On the heels of a  donation by Clear Channel of six radio stations from across the country, MMTC will begin its transition from media and telecom advocate to broadcast ownership and incubation, with footprints in N. Augusta, Georgia (WYNF-AM), Laurel, Mississippi (WHJA-AM), Fort Smith, Arkansas (KYHN-AM), Newton, New Jersey (WTOC-AM), Wabasha, Minnesota (KMFX-AM) and Minneapolis, Minnesota (KFXN-AM).

This new project – the MMTC-Clear Channel Diversity Initiative – is designed to enable minority and women broadcast managers to transition into positions of entrepreneurship and broadcast ownership.  And it positions MMTC to take its advocacy and support of minority media and telecom interests to the next level.

This new Diversity Initiative in partnership with Clear Channel is MMTC’s way of creating new opportunity for women and people of color in a market where minority media ownership has only continued to dwindle over time.  With this initiative, MMTC hopes to enable new opportunities for women and minorities to leverage traditional media outlets as a bridge toward increased media ownership.

Since its inception in 1986, MMTC has been highly regarded by members of the civil rights community as the premier advocacy organization seeking social justice for minorities and women in the media and telecommunications sectors.  In addition to the strong stances it has taken on communications issues before Congress, several White House Administrations and the Federal Communications Commission, MMTC has trained more than 50 women and minority attorneys in the art of social advocacy, leveraging the power of mass media communications as a means of promoting business growth and sustainability, increased diversity in media ownership, enhanced community engagement and new levels of political discourse.  In recent years, it has used the imprint of MMTC Media Brokers, the only nonprofit and only minority-owned full service media brokerage in the United States, as a means of promoting minority media entrepreneurship and ownership.  Since 1997, MMTC Media Brokers has participated in the sale of $1.7 billion of radio and television stations to minorities.

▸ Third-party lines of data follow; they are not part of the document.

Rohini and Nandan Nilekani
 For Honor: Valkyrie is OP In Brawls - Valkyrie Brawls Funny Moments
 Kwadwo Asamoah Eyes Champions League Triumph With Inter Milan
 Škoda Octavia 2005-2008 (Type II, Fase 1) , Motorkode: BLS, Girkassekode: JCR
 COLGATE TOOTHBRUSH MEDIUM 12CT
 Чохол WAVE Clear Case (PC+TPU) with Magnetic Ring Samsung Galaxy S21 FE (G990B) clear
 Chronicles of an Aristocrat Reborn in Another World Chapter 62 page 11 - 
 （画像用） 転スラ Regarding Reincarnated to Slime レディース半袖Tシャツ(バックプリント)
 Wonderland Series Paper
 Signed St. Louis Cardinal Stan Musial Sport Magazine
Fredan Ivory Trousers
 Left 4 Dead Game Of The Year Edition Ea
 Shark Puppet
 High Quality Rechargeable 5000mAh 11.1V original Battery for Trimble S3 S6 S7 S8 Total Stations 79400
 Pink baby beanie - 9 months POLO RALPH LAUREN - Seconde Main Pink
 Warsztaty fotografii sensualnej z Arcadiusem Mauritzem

MMTC has been the nation’s principal advocate for minorities and women in media, telecom and broadband.  For example, in June MMTC urged the FCC to immediately suspend EEO enforcement for three months and, during that period of suspension, revitalize and strengthen the program and reaffirm the agency’s commitment to ensuring opportunities for minorities and women in broadcasting.  MMTC also recently served as counsel to 16 other national civil rights and social justice organizations during the FCC’s Open Internet proceeding, and asked the Commission to reject one of the six proposed “net neutrality” Internet regulations that could unfairly apportion the cost of Internet subscription and use on low-income and poor people, and preclude Internet service providers from incubating minority-owned digital entrepreneurs.

In its new incubator role, MMTC will be able to not only advocate for the interests of minorities and women in the media, but will now be in a position to truly change the negative conditions that have cast a shadow on minority media in years past.